#### [What is being asked]
The records below are to be duplicated character for character.

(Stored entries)
=== Section Start ===
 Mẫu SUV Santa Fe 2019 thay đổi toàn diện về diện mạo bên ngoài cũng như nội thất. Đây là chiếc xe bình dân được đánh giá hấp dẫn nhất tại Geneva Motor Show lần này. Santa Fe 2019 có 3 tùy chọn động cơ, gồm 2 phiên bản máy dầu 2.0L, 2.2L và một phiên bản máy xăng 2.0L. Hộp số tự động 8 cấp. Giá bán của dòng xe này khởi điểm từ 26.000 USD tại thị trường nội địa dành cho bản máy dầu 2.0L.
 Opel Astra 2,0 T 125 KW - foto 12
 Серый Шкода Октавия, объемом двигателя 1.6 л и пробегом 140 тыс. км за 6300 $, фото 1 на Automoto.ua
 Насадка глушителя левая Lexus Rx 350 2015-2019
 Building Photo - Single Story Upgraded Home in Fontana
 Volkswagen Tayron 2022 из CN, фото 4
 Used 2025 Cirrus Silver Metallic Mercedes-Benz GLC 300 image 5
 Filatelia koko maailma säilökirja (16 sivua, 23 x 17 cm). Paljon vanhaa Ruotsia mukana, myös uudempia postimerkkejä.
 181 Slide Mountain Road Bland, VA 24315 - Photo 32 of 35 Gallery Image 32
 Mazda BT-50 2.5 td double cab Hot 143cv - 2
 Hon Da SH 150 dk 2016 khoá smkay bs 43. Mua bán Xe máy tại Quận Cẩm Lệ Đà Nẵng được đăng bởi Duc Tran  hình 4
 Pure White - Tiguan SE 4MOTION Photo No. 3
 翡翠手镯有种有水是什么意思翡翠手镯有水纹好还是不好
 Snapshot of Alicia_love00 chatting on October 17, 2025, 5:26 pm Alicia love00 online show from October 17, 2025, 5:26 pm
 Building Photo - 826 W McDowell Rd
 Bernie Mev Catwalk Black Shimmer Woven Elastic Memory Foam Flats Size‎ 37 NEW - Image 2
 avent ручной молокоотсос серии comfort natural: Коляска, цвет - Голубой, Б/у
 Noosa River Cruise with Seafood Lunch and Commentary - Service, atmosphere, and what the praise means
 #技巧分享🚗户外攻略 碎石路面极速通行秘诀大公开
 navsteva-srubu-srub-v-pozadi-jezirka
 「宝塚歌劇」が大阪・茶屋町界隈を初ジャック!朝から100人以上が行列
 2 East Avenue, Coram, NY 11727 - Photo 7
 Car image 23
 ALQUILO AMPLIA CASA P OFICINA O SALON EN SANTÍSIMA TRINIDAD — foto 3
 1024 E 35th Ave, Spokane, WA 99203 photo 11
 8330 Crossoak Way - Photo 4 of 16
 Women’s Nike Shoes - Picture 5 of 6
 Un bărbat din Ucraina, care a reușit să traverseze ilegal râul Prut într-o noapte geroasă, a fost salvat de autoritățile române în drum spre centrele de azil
=== Section End ===
#### [The completed task]
 Mẫu SUV Santa Fe 2019 thay đổi toàn diện về diện mạo bên ngoài cũng như nội thất. Đây là chiếc xe bình dân được đánh giá hấp dẫn nhất tại Geneva Motor Show lần này. Santa Fe 2019 có 3 tùy chọn động cơ, gồm 2 phiên bản máy dầu 2.0L, 2.2L và một phiên bản máy xăng 2.0L. Hộp số tự động 8 cấp. Giá bán của dòng xe này khởi điểm từ 26.000 USD tại thị trường nội địa dành cho bản máy dầu 2.0L.
 Opel Astra 2,0 T 125 KW - foto 12
 Серый Шкода Октавия, объемом двигателя 1.6 л и пробегом 140 тыс. км за 6300 $, фото 1 на Automoto.ua
 Насадка глушителя левая Lexus Rx 350 2015-2019
 Building Photo - Single Story Upgraded Home in Fontana
 Volkswagen Tayron 2022 из CN, фото 4
 Used 2025 Cirrus Silver Metallic Mercedes-Benz GLC 300 image 5
 Filatelia koko maailma säilökirja (16 sivua, 23 x 17 cm). Paljon vanhaa Ruotsia mukana, myös uudempia postimerkkejä.
 181 Slide Mountain Road Bland, VA 24315 - Photo 32 of 35 Gallery Image 32
 Mazda BT-50 2.5 td double cab Hot 143cv - 2
 Hon Da SH 150 dk 2016 khoá smkay bs 43. Mua bán Xe máy tại Quận Cẩm Lệ Đà Nẵng được đăng bởi Duc Tran  hình 4
 Pure White - Tiguan SE 4MOTION Photo No. 3
 翡翠手镯有种有水是什么意思翡翠手镯有水纹好还是不好
 Snapshot of Alicia_love00 chatting on October 17, 2025, 5:26 pm Alicia love00 online show from October 17, 2025, 5:26 pm
 Building Photo - 826 W McDowell Rd
 Bernie Mev Catwalk Black Shimmer Woven Elastic Memory Foam Flats Size‎ 37 NEW - Image 2
 avent ручной молокоотсос серии comfort natural: Коляска, цвет - Голубой, Б/у
 Noosa River Cruise with Seafood Lunch and Commentary - Service, atmosphere, and what the praise means
 #技巧分享🚗户外攻略 碎石路面极速通行秘诀大公开
 navsteva-srubu-srub-v-pozadi-jezirka
 「宝塚歌劇」が大阪・茶屋町界隈を初ジャック!朝から100人以上が行列
 2 East Avenue, Coram, NY 11727 - Photo 7
 Car image 23
 ALQUILO AMPLIA CASA P OFICINA O SALON EN SANTÍSIMA TRINIDAD — foto 3
 1024 E 35th Ave, Spokane, WA 99203 photo 11
 8330 Crossoak Way - Photo 4 of 16
 Women’s Nike Shoes - Picture 5 of 6
 Un bărbat din Ucraina, care a reușit să traverseze ilegal râul Prut într-o noapte geroasă, a fost salvat de autoritățile române în drum spre centrele de azil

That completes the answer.